Theater Bonn Drei Schwestern erzählen von sich selbst

BONN · Eigentlich ist es ganz einfach: In "There is no orchestra" geht es um drei Schwestern, um ihre Wünsche, Träume, Bedürfnisse und Probleme, um Selbstbestimmung, Liebe, Arbeit, die großen privaten Themen eben.

 Geschwister (von links): Elisabeth, Christina und Theresa Schelhas

Geschwister (von links): Elisabeth, Christina und Theresa Schelhas

Foto: Thomas Kölsch

Doch ganz zufrieden sind Christina, Elisabeth und Theresa Schelhas nicht mit dieser Charakterisierung ihres Projekts, das am kommenden Freitag um 11 Uhr in der Werkstatt des Theaters Bonn aufgeführt wird.

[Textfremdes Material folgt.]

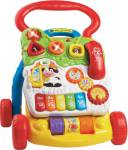 Vtech Spiel- und Laufwagen Special Edition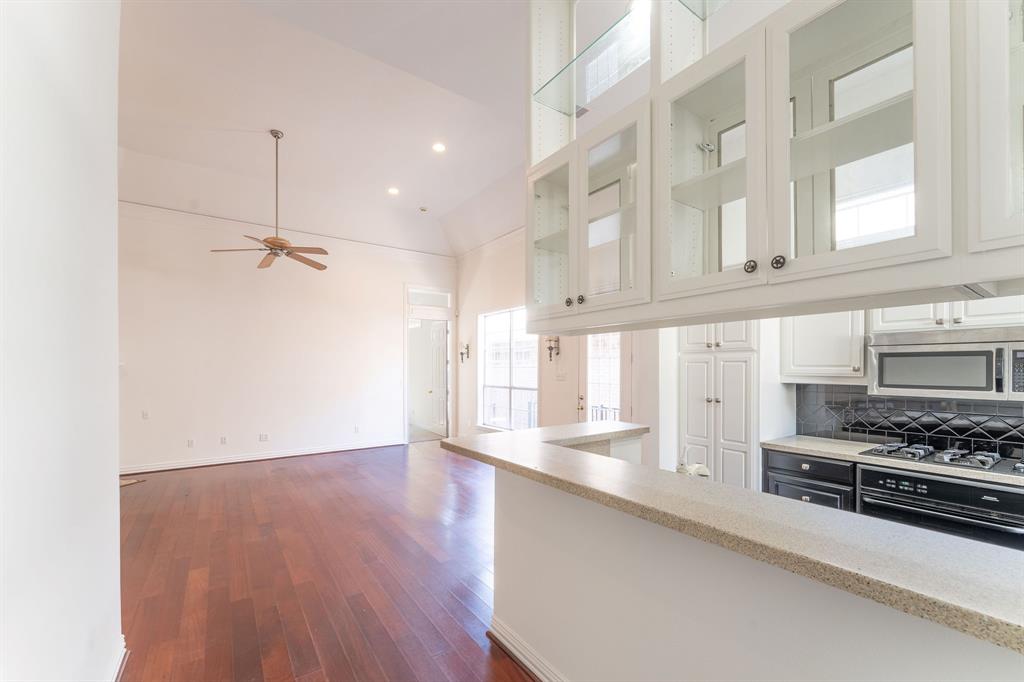 Meadowmere Add - Residential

Kein Wunder, klingt diese Auflistung doch abstrakt und plakativ, ignoriert die persönliche Komponente. Denn die Schauspielerinnen sind zugleich ihre eigenen Hauptfiguren, verwischen also Rolle und Realität und stellen ihr Beziehungsgeflecht in den Mittelpunkt. "Es ist eine sehr intime Auseinandersetzung mit uns selbst", sagt Christina denn auch.

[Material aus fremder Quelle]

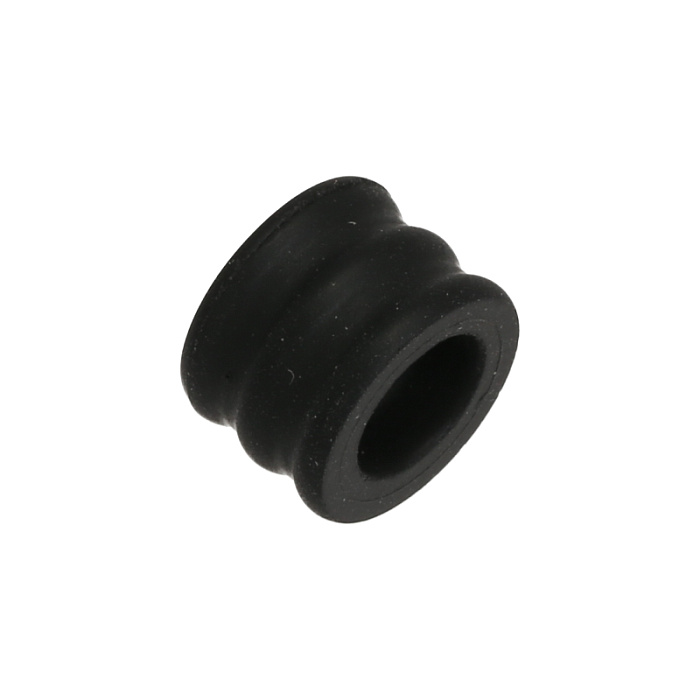 Uszczelka dysza parowa DeLonghi DeLonghi 5313224421 — zdjęcie 1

Jede der drei Schwestern hat ihren eigenen Akt: Elisabeth, die Erstgeborene; Christina, das früher oft im Schatten der anderen stehende "Sandwichkind"; Theresa, das Nesthäkchen mit dem Down-Syndrom. Wobei Letzteres laut den Schelhas-Schwestern zwar immer wieder offen angesprochen, aber nie problematisiert wird.

"Wenn wir Theresa anschauen, sehen wir zuerst unsere Schwester und erst danach die junge Frau mit einer Behinderung", sagt Elisabeth. Die ohnehin inzwischen als Hauswirtschaftshilfe der Cafeteria der Freien Waldorfschule Sankt Augustin fest verankert ist, bodenständig, ziemlich gut wissend, was sie will. Und was nicht. "Natürlich hatten wir immer im Hinterkopf, dass wir Theresa nicht benutzen wollten", erinnert sich Christina.

Aber diese Sorge scheint inzwischen, nach etwa 15 Aufführungen in den vergangenen zwei Jahren quer durch die Republik, verflogen zu sein. "Sie hat zum Beispiel auf einem eigenen Lied bestanden, weil ihr das so einen Spaß gemacht hat", erzählt Christina. Oder sich mit einer Szene einverstanden erklärt, in der es um den eigenen Körper und die Sexualität geht.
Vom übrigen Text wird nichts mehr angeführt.